(Requirement): In the material below, the required lines run from the one containing "Il Bosco Del Re - Guida Didattica" through the one containing "Fare musica con". Copy those lines exactly, ends included, and nothing else.

━━━ Task material

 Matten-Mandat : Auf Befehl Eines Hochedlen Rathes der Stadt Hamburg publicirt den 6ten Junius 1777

━━━━━━
━━━ Task material

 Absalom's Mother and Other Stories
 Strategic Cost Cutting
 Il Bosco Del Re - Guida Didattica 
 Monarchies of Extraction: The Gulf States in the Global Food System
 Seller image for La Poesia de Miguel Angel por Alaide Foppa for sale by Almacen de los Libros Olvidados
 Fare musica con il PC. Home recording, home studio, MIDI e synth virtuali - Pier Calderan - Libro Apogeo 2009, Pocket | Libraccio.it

━━━━━━

(Response box):
 Il Bosco Del Re - Guida Didattica 
 Monarchies of Extraction: The Gulf States in the Global Food System
 Seller image for La Poesia de Miguel Angel por Alaide Foppa for sale by Almacen de los Libros Olvidados
 Fare musica con il PC. Home recording, home studio, MIDI e synth virtuali - Pier Calderan - Libro Apogeo 2009, Pocket | Libraccio.it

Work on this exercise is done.